Jika datang ke ruang guru, kemungkinan beliau akan melihat kudapan yang disajikan untuk guru-guru lain (yang bukan muslim). Seandainya beliau hadir di ruang guru, kemungkinan besar guru-guru lain merasa tidak nyaman menikmati penganan di hadapan beliau yang sedang berpuasa.

Nah, daripada situasi tak nyaman itu terjadi, Pak Wahab memilih untuk melewatkan waktu istirahat di perpustakaan.

Entah bagaimana saya harus melukiskan tindakan mulia beliau. Menurut saya, sikap beliau itu sungguh menarik.

Beliau tak menuntut orang lain untuk tidak makan-minum di hadapan beliau. Beliau justru yang sadar menghindari melihat rekan-rekan beliau makan.

Tidak ada yang mengharuskan beliau untuk pergi ke perpustakaan alih-alih ruang guru. Semua berangkat dari niat beliau yang teguh dan mulia untuk berpuasa tanpa menyulitkan sesama guru yang tidak berpuasa karena memang bukan penganut agama Islam.

Wawancara Berkesan dengan Pak Wahab

Saya beruntung diutus redaksi majalah sekolah untuk mewawancarai Pak Wahab di rumah beliau. Saya waktu itu datang bersama seorang rekan.

Kami disambut ramah oleh istri beliau. Sang istri yang mengenakan jilbab mempersilakan kami duduk. Tak lama, Pak Wahab menyambut kami, berpakaian sederhana.

Salah satu pertanyaan kami adalah "Mengapa Pak Wahab mau mengajar di sekolah calon pastor, padahal Pak Wahab seorang muslim?"

Waktu itu dengan segala keramahan dan kejujuran, beliau menjawab, "Bagi saya mengajar itu ibadah, tak peduli mengajar di mana."

Suatu jawaban yang menyentuh hati saya. Saya bayangkan, pertanyaan kami di atas mungkin sering ditanyakan tetangga yang tahu Pak Wahab mengajar di seminari.

Saya bayangkan, mungkin Pak Wahab tidak nyaman mendengar pertanyaan itu, lebih-lebih bila ditanyakan dengan maksud yang cenderung menghakimi.

Akan tetapi, rupanya Pak Wahab memiliki wawasan yang amat terbuka.
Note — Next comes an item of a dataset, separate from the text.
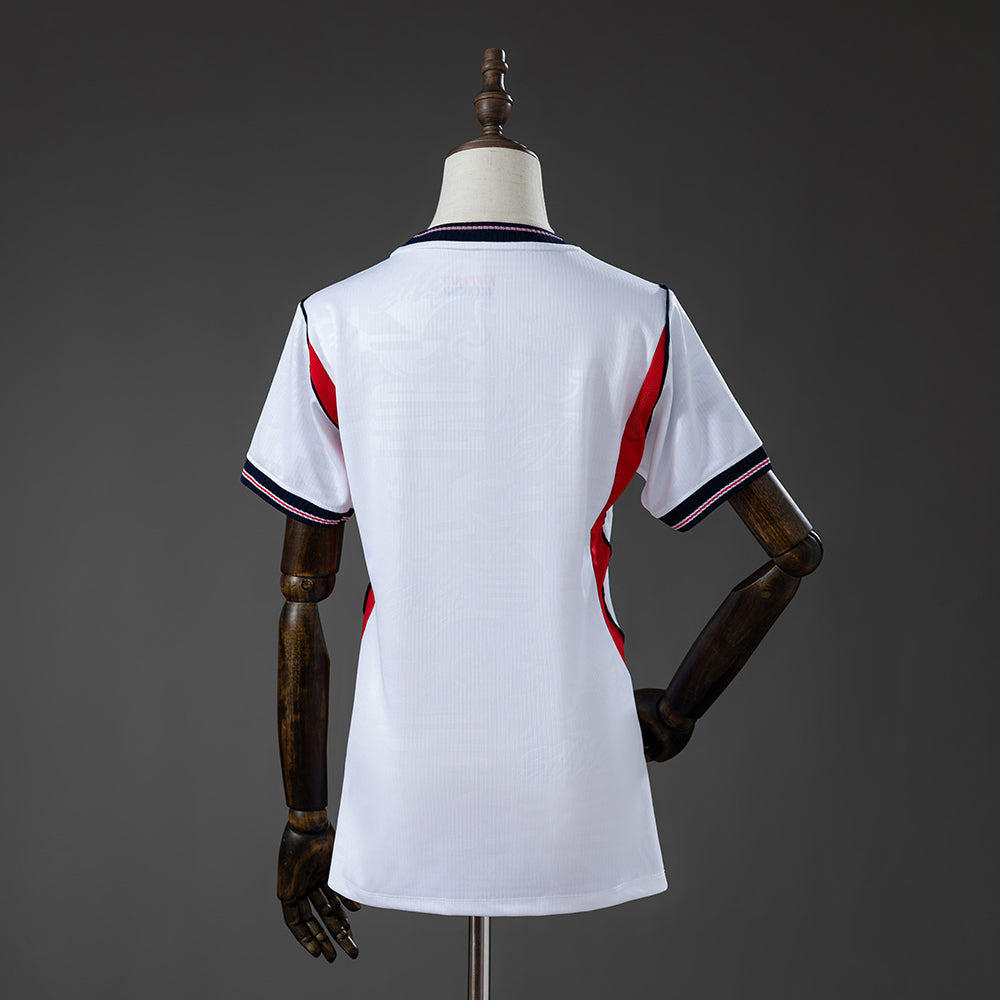 Camiseta femenina de Inglaterra para la selección 2026 (local)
Ia sendiri meyakini, mengajar adalah ibadah.

Dan sungguh, saya yang diajar almarhum Pak Wahab belajar banyak dari beliau. Bukan hanya geografi, tapi lebih-lebih tentang arti menjadi sesama manusia bagi yang lain. Mencintai tanpa membeda-bedakan siapa yang dicintai. Berbagi ilmu tanpa memandang perbedaan. 

Saya dan rekan-rekan yang pernah jadi murid Pak Wahab amat bersedih ketika mendengar kabar bahwa Pak Wahab berpulang tahun 2014 lalu. 

Terima kasih, Pak Wahab. Semoga amal ibadah Bapak diterima Tuhan Maha Pengasih dan Penyayang. 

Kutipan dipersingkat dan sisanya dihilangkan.